FlashAttention Kernel: Forward Pass (Parallelism)

FlashAttention

Transformers

Attention

Compute

Autograd

Parallelism

CUDA

Author

Shivam Pandey

Published

April 14, 2025

Continuing on my previous blog: FlashAttention Kernel: Forward Pass (MATH), here we will explore the possibility of parallelism in the Forward Pass Kernel with step by step code transform, and finally reaching a stage which is much closer to the CUDA programming model.

Flash Attention Forward Pass:

In my last blog we saw how math works in Flash Attention, and this was the final expression that we derived there:

\[\begin{align} m_0 = S^{[m, n=0]} \\ m_{j+1} = \max(m_j, S^{[m, n=j+1]}) \\ l_0 = \exp(S^{[m, n=0]} - m_0) \\ l_{j+1} = \sum_{n\in[0 \dots j, j+1]}\exp(S^{[m, n]} - m_{j+1}) \\ l_{j+1} = \frac{exp(-m_{j})}{\exp(m_{j+1} - m_{j})}\sum_{n\in[0 \dots j]}\exp(S^{[m, n]}) + \exp(S^{[m, n=j+1]} - m_{j+1}) \\ l_{j+1} = l_{j}\exp(m_{j} - m_{j+1}) + \exp(S^{[m, n=j+1]} - m_{j+1}) \\ O^{[m, d]}_{0} = \frac{\exp(S^{[m, n=0]} - m_{0}) \cdot V^{[n=0, d]}}{l_{0}} \\ O^{[m, d]}_{j+1} = \frac{O^{[m, d]}_{j} * l_j}{l_{j+1}} + \frac{\exp(S^{[m, n=j+1]} - m_{j+1}) \cdot V^{[n=j+1, d]}}{l_{j+1}} \\ \end{align}\]

Parallelization Analysis: Forward Pass

Using above mentioned math expressions for Flash Attention forward pass we can derive the following code (partly pseudo):

for i in range(0, M):
    for j in range(0, N):
        for d in range(0, D):
            q_i = Q[i] # S1: No self dependency: [SLoop: i, TLoop: i]
            k_j = K[j] # S2: No self dependency: [SLoop: j, TLoop: j]

            m_i = m[i] # S3: No self dependency: [SLoop: i, TLoop: i]
            l_i = l[i] # S4: No self dependency: [SLoop: i, TLoop: i]

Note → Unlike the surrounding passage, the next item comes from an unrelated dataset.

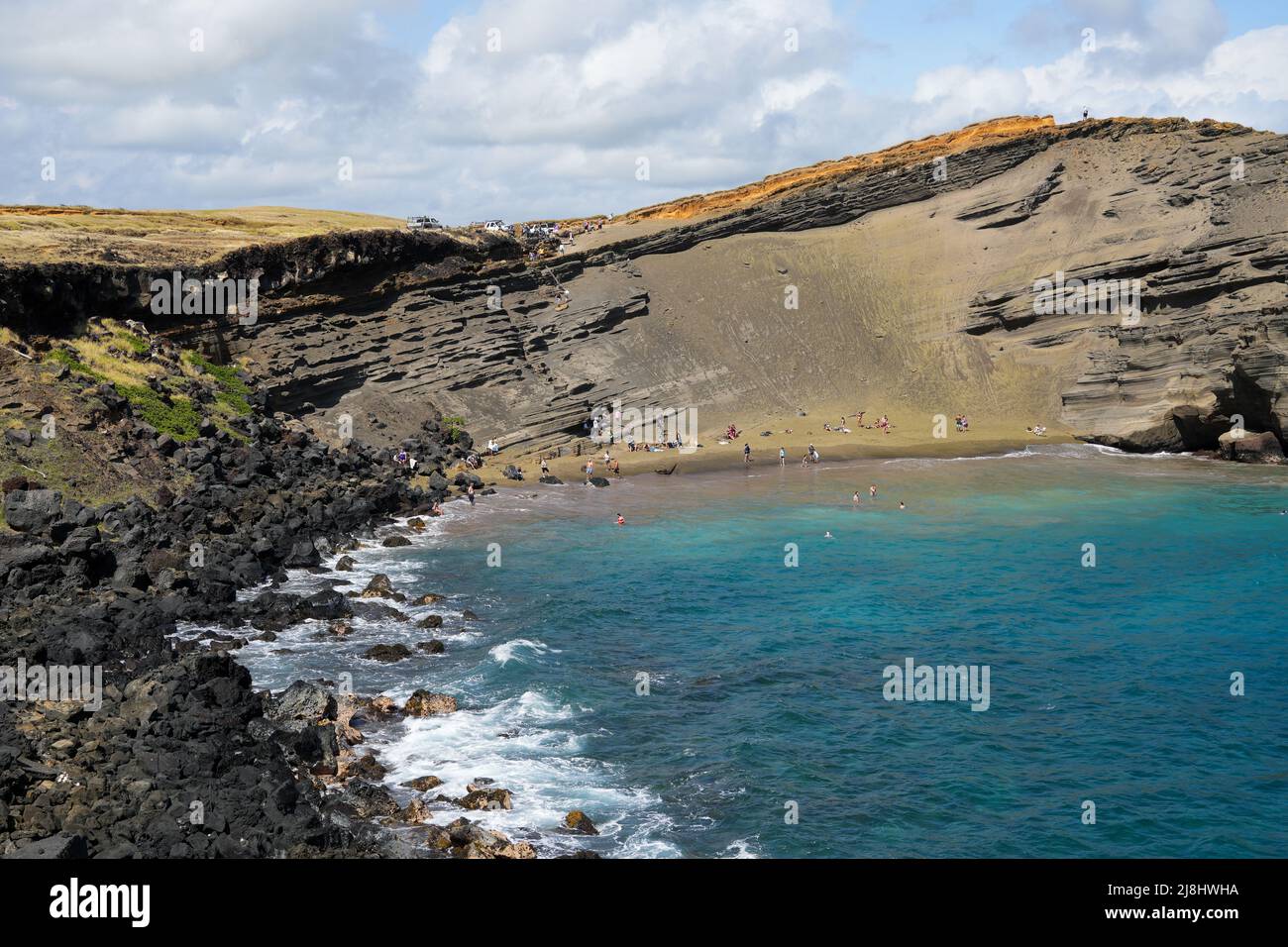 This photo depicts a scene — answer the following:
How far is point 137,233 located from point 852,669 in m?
43.9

            S_ij = q_i @ k_j # S5: No self dependency: [SLoop: (i, j), TLoop: (i, j)] # Loop interchange possible # RAW on q_i, and k_j

            m_ij = max(m_i, S_ij) # S6: No self dependency: [SLoop: (i, (i, j)), TLoop: (i, j)] # RAW on m_i and S_ij
            l_ij = l_i * exp(m_i - m_ij) + exp(S_ij - m_ij) # S7: No self dependency: [SLoop: (j, (i, (i, j)), ((i, j), (i, j))), TLoop: (i, j)] # RAW on l_i, m_i, m_ij, S_ij, m_ij

            o_id = O[i, d] # S8: No self dependency: [SLoop: (i, d), TLoop: (i, d)]
            v_jd = V[j, d] # S9: No self dependency: [SLoop: (j, d), TLoop: (j, d)]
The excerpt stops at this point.